Home Soluzioni Le nuove celle solari che imitano gli occhi degli insetti

Le nuove celle solari che imitano gli occhi degli insetti

Attualmente il silicio è il materiale principe per la realizzazione di celle solari. Solo che è anche un materiale costoso e se si vuole che l’energia solare aumenti la sua diffusione è necessario trovare anche soluzioni alternative. Una in realtà la si conosce da tempo: è la perovskite, un materiale fotovoltaico che ha un’efficienza simile a quella del silicio ma che ha il difetto di essere estremamente fragile e poco stabile.

Alcuni ricercatori della Stanford University hanno però sviluppato un sistema che permette di realizzare celle solari in perovskite aggirando la sua fragilità. L’ispirazione è venuta osservando gli occhi composti degli insetti, in cui elementi singoli molto fragili realizzano insieme un sistema perfettamente funzionale.
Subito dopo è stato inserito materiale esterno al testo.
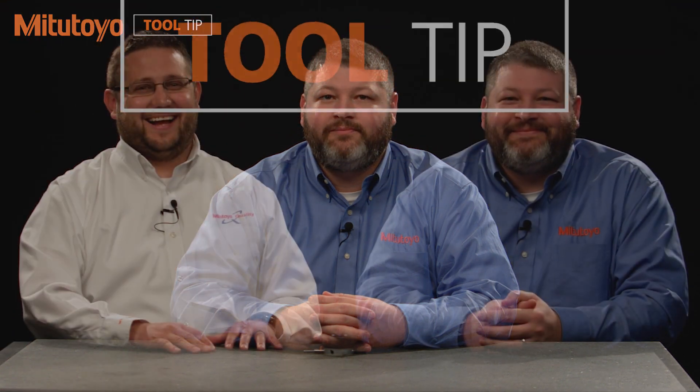Thank you for watching the video. If you have any more questions about the mCosmos or MeasureLink real-time software, please visit our website at mitutoyo.com or give us a call at 888-MITUTOYO.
In sé la perovskite ha proprietà meccaniche simili a quelle del comune sale da cucina. Risulta ugualmente fragile e sensibile alle condizioni ambientali, tanto che realizzare in perovskite celle solari tradizionali sarebbe anche molto complesso perché gran parte del materiale non supererebbe nemmeno il processo di produzione. E il resto lo farebbero le condizioni ambientali in cui si trovano tipicamente i pannelli solari.

Per rendere le celle fotovoltaiche di perovskite più resistenti, i ricercatori hanno realizzato una matrice di celle microscopiche di forma esagonale e larghe ciascuna 500 micron. La matrice è realizzata in una comune resina epossidica, resistente agli stress meccanici: circondando le microcelle le rendono molto più solide e durevoli.

La composizione assomiglia quindi a quella delle celle di un alveare, però microsocopiche, oppure agli occhi composti di un insetto. La composizione in microcelle non influisce granché sulla capacità della perovskite di generare elettricità, che resta allineata a quella delle celle fotovoltaiche in silicio.

I test in laboratorio hanno dimostrato che le microcelle ad alveare possono resistere anche in condizioni ambientali particolarmente avverse. La Stanford University proseguirà nello sviluppo dela tecnologia, tra l’altro valutando come ottimizzare il percorso dei raggi luminosi verso il centro di ciascuna microcella, per aumentarne l’efficienza.